Methods and materials

For a visual overview of the complete analytical process, see Fig. 1.

Fig. 1.

Flowchart of the complete analytical process, including real data preparation, data simulation and specification curve analysis.

Depression data

Participants and procedures

NESDA is a multisite naturalistic cohort study that examines the long-term course of depressive and anxiety disorders. A detailed description of the NESDA design can be found elsewhere (Penninx et al., 2008). In brief, the NESDA cohort consists of 2981 subjects aged 18–65 years, including those with lifetime anxiety and/or depressive disorder and a subgroup of healthy controls. The research protocol was approved by the Medical Ethical Committees of participating institutes, and after a complete description of the study, all respondents provided written informed consent. For the present study, all 688 subjects with a current (past 6 months) diagnosis of MDD according to the Composite International Diagnostic Interview (CIDI; WHO version 2.1) as well as 426 healthy controls were selected. The SCA was first run in the MDD patient sample and then repeated in the combined MDD and healthy control sample (see below).

Measurements

Extensive information was gathered through face-to-face interviews, a medical examination, a cognitive computer task and collection of blood samples (Penninx et al., 2008).
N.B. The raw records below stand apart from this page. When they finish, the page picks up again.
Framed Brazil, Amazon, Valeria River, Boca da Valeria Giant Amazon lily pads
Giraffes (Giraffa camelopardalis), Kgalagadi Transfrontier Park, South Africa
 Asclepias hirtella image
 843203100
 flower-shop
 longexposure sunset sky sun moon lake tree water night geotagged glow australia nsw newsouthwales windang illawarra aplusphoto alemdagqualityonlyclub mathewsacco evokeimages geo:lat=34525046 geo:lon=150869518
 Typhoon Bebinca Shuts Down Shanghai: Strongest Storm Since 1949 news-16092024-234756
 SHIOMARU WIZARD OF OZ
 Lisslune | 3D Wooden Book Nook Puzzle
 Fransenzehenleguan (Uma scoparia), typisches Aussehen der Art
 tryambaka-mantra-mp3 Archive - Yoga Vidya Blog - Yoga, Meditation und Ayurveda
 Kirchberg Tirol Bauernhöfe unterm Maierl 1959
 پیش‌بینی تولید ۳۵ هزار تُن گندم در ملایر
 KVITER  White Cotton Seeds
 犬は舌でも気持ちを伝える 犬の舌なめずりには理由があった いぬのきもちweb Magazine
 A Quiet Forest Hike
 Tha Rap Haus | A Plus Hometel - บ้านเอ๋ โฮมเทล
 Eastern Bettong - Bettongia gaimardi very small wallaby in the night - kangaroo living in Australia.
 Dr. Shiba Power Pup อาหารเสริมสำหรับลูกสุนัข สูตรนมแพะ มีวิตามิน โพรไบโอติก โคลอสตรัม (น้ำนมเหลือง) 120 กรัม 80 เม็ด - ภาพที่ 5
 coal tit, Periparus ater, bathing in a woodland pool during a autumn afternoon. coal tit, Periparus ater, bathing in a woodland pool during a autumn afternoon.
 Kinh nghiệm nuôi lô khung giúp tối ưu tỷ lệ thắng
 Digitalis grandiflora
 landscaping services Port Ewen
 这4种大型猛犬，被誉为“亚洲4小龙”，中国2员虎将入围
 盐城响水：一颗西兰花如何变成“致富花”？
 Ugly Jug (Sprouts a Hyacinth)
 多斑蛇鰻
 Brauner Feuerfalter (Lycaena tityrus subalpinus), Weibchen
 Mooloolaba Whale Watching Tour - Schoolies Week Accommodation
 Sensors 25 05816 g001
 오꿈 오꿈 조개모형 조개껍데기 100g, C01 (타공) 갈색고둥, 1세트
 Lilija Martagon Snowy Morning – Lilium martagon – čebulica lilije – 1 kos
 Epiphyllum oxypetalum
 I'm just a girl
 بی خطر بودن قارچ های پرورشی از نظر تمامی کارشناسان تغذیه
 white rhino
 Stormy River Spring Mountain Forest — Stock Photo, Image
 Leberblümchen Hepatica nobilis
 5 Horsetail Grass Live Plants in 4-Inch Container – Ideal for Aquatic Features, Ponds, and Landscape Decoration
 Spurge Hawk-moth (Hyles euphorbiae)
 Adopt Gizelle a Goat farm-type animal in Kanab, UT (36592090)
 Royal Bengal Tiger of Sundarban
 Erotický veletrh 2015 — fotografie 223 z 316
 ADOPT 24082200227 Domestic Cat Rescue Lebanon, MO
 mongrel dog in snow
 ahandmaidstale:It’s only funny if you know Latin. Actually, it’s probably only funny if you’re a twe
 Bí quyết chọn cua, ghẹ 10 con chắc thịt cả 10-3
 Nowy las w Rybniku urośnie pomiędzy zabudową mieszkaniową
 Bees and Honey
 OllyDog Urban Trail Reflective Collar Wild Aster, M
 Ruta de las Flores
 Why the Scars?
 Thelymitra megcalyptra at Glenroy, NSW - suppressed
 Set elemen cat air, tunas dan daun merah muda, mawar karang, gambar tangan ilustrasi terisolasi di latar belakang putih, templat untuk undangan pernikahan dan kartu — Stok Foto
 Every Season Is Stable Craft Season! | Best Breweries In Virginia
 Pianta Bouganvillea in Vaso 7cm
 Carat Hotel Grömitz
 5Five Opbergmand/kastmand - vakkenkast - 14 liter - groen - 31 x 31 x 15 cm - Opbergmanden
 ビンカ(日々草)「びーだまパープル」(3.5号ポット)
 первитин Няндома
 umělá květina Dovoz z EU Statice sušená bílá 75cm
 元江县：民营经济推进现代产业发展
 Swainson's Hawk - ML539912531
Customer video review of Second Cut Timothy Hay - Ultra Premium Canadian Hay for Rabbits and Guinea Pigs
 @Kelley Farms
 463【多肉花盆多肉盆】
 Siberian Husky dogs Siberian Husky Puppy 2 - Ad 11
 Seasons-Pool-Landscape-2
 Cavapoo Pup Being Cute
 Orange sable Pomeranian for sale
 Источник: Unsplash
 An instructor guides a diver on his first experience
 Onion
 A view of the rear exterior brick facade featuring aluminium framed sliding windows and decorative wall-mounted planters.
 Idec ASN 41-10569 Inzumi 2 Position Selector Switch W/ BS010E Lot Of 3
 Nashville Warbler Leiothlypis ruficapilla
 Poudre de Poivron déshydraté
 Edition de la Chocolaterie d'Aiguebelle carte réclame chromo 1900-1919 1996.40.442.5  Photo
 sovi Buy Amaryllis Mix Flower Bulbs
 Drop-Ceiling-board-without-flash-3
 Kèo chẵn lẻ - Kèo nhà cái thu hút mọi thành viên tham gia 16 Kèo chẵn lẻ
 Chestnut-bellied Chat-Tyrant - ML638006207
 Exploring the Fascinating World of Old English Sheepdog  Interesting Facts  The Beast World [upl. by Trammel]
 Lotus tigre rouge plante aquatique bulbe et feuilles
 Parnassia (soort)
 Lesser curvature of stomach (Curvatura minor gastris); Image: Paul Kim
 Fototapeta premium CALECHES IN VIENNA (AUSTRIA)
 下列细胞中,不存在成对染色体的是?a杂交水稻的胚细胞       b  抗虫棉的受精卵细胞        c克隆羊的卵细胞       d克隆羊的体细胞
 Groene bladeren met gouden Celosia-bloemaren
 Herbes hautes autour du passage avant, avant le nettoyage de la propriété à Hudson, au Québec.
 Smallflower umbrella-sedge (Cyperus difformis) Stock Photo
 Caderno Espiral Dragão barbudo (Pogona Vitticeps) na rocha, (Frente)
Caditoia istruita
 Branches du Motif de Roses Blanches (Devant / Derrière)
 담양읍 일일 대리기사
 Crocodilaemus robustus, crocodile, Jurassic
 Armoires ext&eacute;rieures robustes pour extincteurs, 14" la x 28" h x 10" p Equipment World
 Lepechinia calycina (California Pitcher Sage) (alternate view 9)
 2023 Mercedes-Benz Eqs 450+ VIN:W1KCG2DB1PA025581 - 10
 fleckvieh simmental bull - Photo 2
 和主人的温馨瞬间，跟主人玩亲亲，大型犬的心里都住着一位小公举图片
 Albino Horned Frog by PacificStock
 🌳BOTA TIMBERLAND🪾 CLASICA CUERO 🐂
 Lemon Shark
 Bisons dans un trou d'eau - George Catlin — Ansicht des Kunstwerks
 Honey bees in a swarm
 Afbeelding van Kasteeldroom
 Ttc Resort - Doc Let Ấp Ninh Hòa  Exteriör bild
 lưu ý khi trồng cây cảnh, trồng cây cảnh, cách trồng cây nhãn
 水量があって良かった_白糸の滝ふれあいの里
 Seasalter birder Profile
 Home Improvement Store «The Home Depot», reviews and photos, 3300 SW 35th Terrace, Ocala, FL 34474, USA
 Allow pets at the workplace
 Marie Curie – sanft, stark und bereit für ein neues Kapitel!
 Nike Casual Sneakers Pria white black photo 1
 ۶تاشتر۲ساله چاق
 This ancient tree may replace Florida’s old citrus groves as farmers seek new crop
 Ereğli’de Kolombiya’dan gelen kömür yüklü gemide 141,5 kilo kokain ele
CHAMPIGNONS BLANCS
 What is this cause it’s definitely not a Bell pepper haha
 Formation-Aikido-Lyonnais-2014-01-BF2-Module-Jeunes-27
DSM-IV diagnoses of depressive (minor depression, dysthymia and MDD) and anxiety disorders (Generalized Anxiety Disorder, Social Phobia, Agoraphobia and Panic Disorder) were established using the CIDI. Those without any diagnosis according to the CIDI were included as healthy controls.

Proteomic analytes

Blood was sampled after an overnight fast in five research centers throughout the Netherlands (Amsterdam, Leiden, Groningen, Emmen and Heerenveen) and stored at −80 °C. All samples were shipped on dry ice and processed from frozen in a Clinical Laboratory Improvement Amendments-certified laboratory (Myriad RBM; Austin, TX, USA), where a panel of 243 analytes (Myriad RBM DiscoveryMAP 250+) involved in various hormonal, immunological and metabolic pathways were assessed in serum using multiplexed microbead immunoassays. Each batch also contained three duplicate control samples with different protein concentrations, giving an average inter- and intra-assay variability of 10.6% (range 5.5–32.5%) and 5.6% (range 2.5–15.8%), respectively.

Analyte data selection

To reduce the likelihood that identified clusters would merely reflect degrees of general somatic health rather than psychopathology (Beijers et al., 2019a), only biomarkers were included that were previously shown to differ between current MDD patients and healthy controls (Bot et al., 2015). We excluded the luteinizing hormone and lactoylglutathione lyase because of correlations >0.65 with follicle-stimulating hormone and macrophage migration inhibitory factor, respectively. A total of 31 biomarkers related to immune response, protein metabolism and diverse cell communication and signal transduction processes were included in the study (See Table 1 and online Supplementary Table S1). Because biomarkers were selected based on their ability to discriminate between MDD and healthy controls, the combined MDD and healthy sample was expected to contain at least two clusters (K ⩾ 2).

Table 1.

Biochemical analytes and associated biological processes

Analyte	Biological process^a
Alpha-1-antichymotrypsin	PM
Alpha-1-antitrypsin	PM
CD40 antigen	CC,ST
Complement factor h-related protein 1	IM
Enrage	CC,ST
Growth-regulated alpha protein	IM
Interleukin-12P40	IM
Interleukin-1 receptor antagonist	CC,ST
Macrophage migration inhibitory factor	CC,ST
Lactoylglutathione lyase (not included because of high correlation with MIF)	M
Insulin growth factor-binding proteiN-5	CC,ST
Urokinase-type plasminogen activator receptor	CC,ST
Cathepsin D	PM
Receptor tyrosine-protein kinase ERBB-3	CC,ST
Hepsin	PL
Cellular fibronectin	CG
Matrix metalloproteinase-10	PM
Matrix metalloproteinase-3	PM
Tenascin C	CC,ST
Carcinoembryonic antigen	IM
Angiogenin	M
Angiopoietin 2	CC,ST
Vascular endothelial growth factor	CC,ST
Apolipoprotein A4	T
Apolipoprotein D	T
Fatty acid-binding protein, adipocyte	CC,ST
Pancreatic polypeptide	CC,ST
Von willebrand factor	PM
Luteinizing hormone (not included because of high correlation with FSH)	CC,ST
Follicle-stimulating hormone	CC,ST
Cystatin C	PM
Fetuin-A	CC,ST
Prostasin	PM

CC, cell-cell communication; CG, cell growth/maintenance; IM, immune response; M, metabolism; PL, proteolysis and peptidolysis; PM, protein metabolism; ST, signal transduction; T, transport.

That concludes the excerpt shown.